A visual celebration of Dorothy Kunhardt--author of Pat the Bunny and one of the most dynamic and beloved American children's writers--with ephemera, drawings, unpublished manuscripts and more
Best known for Pat the Bunny, published in 1940, Dorothy Kunhardt was a tireless innovator, publishing more than 40 books in three decades. Today, Pat the Bunny is still in print and has sold nearly ten million copies.
Drawn entirely from the Kunhardt family collection, this publication brings Dorothy Kunhardt's work to life generations later through photographs, letters, poetry, drawings, book mock-ups, unpublished manuscripts and full reproductions of first edition books. Also reproduced is a selection of research materials and papers pertaining to Kunhardt's second consequential career, as an Abraham Lincoln scholar and steward of the Meserve Collection of Lincoln photographs and artifacts begun by her father.

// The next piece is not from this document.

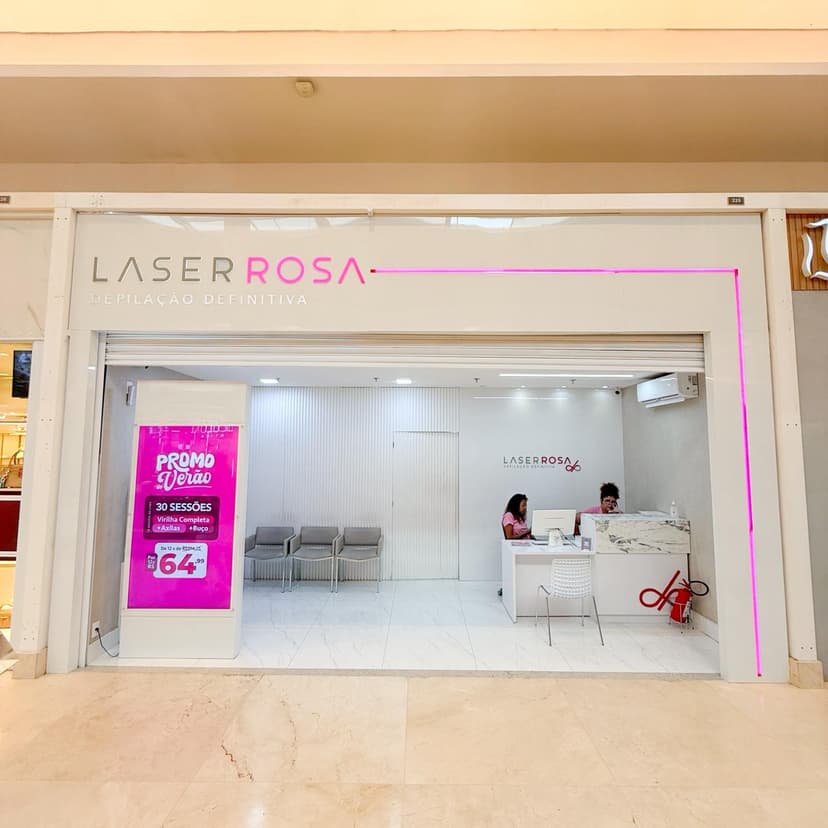 laser rosa
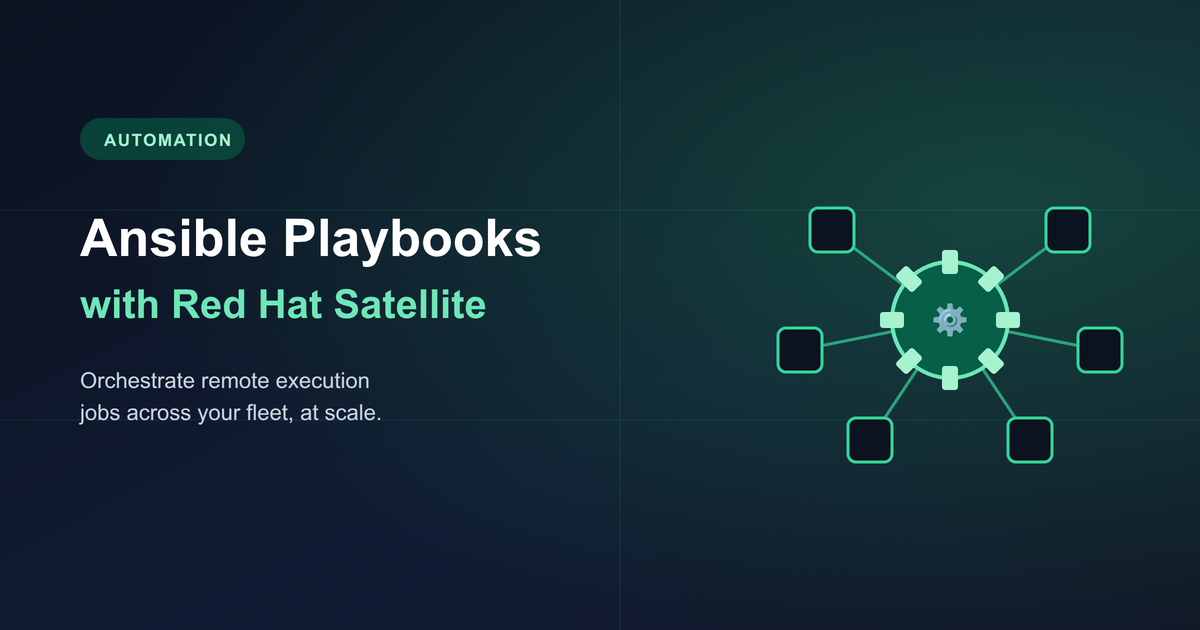 Run Ansible playbooks Using Red Hat Satellite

Born in New York City, Dorothy Kunhardt (1901-79) dictated her first story to her father at the age of three, and went on to become an inventive author, illustrator and creator of children's books. She took her first stab at writing and illustrating with an outlandish devil-may-care picture book titled Junket Is Nice. Published in 1933, Junket received rave reviews, gave Depression-era families the perfect excuse to share a good laugh, and was an immediate bestseller. Dozens more books followed that were notable for their originality in concept, format and design, among them Pat the Bunny, The Telephone Book (1942) and Tiny Animal Stories (1948). All bore the mark of their author's unfettered imagination and seemingly boundless zest for life.